New York Advocates Call to Action: Oppose H.R. 620 ADA Education and Reform Act of 2017

H.R. 620 ADA Education and Reform Act of 2017 undermines the landmark civil rights law, the Americans with Disabilities Act (ADA) and harms people with disabilities. The “ADA Education and ReformAct” changes a key provision of the ADA by preventing people with disabilities from immediately going to court to enforce their rights and to press for timely removal of the barrier that impedes access to a business.

H.R. 620 the ADA Education and Reform Act, was recently voted out of the House of Representatives’ Judiciary Committee. The bill now heads for a House vote. We are hoping with your help we can prevent this harmful bill from moving any further.

The disability voice needs to be heard. Representative Kathleen Rice (D-NY-4) signed on as a co-sponsor of H.R. 620. We are asking for your help as New York advocates to reach out to her office to ask that she remove her name as a co-sponsor of this bill.

H.R. 620 would weaken the Americans with Disabilities Act (ADA), a critical source of rights for people with disabilities to architectural access in public accommodations (Title III of the ADA) —that is, businesses such as stores, restaurants, hotels, etc.

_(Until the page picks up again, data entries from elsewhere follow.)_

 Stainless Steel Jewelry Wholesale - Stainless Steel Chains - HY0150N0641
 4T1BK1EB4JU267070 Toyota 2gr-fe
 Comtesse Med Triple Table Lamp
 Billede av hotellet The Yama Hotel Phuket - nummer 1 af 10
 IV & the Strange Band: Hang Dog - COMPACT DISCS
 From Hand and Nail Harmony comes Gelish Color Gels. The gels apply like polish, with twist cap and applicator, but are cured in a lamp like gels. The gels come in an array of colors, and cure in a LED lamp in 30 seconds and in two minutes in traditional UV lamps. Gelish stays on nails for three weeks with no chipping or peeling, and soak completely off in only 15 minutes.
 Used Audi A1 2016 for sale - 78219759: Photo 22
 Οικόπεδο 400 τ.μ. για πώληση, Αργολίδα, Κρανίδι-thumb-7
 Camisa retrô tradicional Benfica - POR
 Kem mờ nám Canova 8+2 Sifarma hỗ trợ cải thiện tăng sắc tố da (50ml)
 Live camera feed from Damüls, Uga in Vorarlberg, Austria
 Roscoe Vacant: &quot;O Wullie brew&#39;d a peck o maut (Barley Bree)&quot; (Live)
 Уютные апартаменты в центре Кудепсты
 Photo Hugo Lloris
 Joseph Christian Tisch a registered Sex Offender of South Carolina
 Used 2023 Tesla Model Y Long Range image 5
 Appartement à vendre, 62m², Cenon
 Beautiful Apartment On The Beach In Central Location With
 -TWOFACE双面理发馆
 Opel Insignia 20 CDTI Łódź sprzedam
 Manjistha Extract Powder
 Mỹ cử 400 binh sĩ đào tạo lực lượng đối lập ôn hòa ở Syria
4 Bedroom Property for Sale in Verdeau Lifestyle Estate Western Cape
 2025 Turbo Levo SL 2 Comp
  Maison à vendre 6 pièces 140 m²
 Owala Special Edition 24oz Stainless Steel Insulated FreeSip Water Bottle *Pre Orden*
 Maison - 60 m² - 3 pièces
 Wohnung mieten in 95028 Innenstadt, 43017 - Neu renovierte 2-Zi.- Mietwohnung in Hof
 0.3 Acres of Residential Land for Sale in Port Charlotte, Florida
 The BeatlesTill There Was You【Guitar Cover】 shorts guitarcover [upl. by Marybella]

You can contact Rep. Rice by calling (202) 224-3121 and ask that she REMOVE HER NAME AS A SPONSOR OF H.R. 620.

Why We Don’t Like HR 620

  • Removes any incentive for voluntary compliance from businesses.
  • Rewards non-compliance by allowing businesses generous additional timelines, even though the ADA’s very reasonable requirements are already over 27 years old!
  • Money damages requested from businesses are not part of the ADA. Actually, this part of the ADA doesn’t allow money damages, so changing the federal ADA will not affect any state law money damage provisions.
  • Ignores the extensive, free educational resources already available today to any business informing them of how to comply with the ADA. (ADA National Network: Information, Guidance and Training on the ADA)
  • Ignores the effective and extensive methods already available to courts and state bar associations to deal with a small number of frivolous lawsuits or unscrupulous attorneys. We should use those existing legal mechanisms when needed, rather than deny the civil rights established by the ADA that aid people with disabilities every day.
  • This bill would amend the ADA to require the individual with a disability to send a letter of notification to the business that was out of compliance with the law giving the business a grace period of 180 days in total before someone can file suit.
  • This bill is trying to protect businesses at the expense of people with disabilities and this is not the answer.
  • The vast majority of ADA attorneys and plaintiffs are seeking solutions to fix real denials of access. But the business community has pushed the media to portray “a few bad apples” as a landslide occurrence.